▸ **TO DO**
Set down each line of the data below exactly as it stands, dropping the pictures.

▸ **INPUT DATA**
Content starts
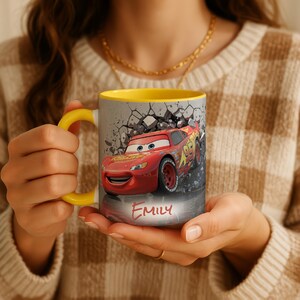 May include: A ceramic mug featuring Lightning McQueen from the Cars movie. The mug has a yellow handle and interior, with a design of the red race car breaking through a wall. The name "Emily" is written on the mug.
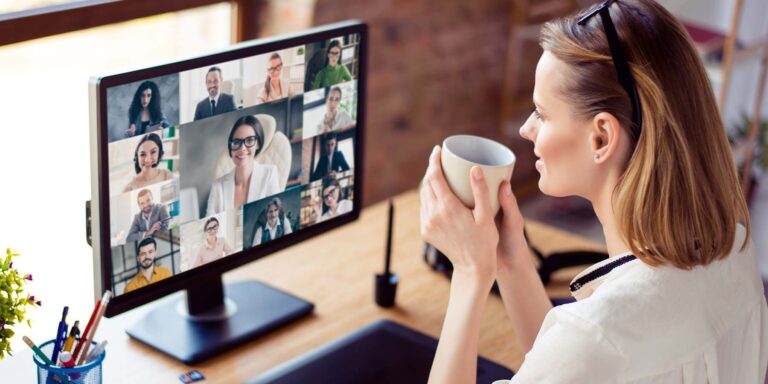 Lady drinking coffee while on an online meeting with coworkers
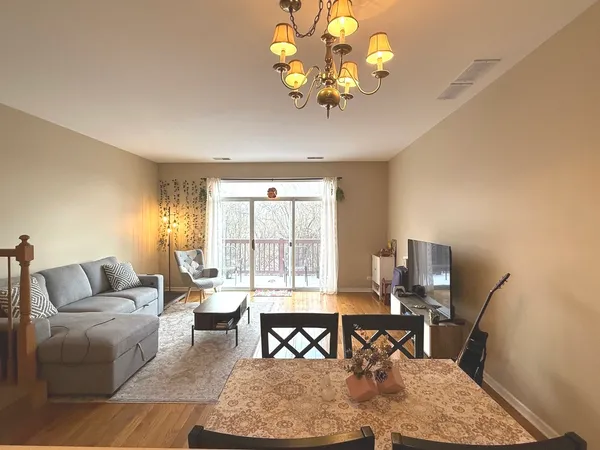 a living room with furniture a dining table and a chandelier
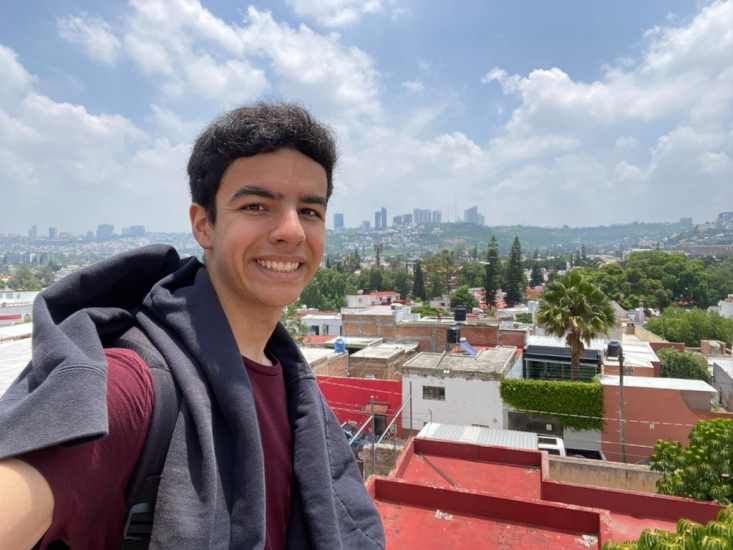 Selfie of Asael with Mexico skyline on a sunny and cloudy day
Content ends
▸ **RESPONSE BELOW**
 May include: A ceramic mug featuring Lightning McQueen from the Cars movie. The mug has a yellow handle and interior, with a design of the red race car breaking through a wall. The name "Emily" is written on the mug.
 Lady drinking coffee while on an online meeting with coworkers
 a living room with furniture a dining table and a chandelier
 Selfie of Asael with Mexico skyline on a sunny and cloudy day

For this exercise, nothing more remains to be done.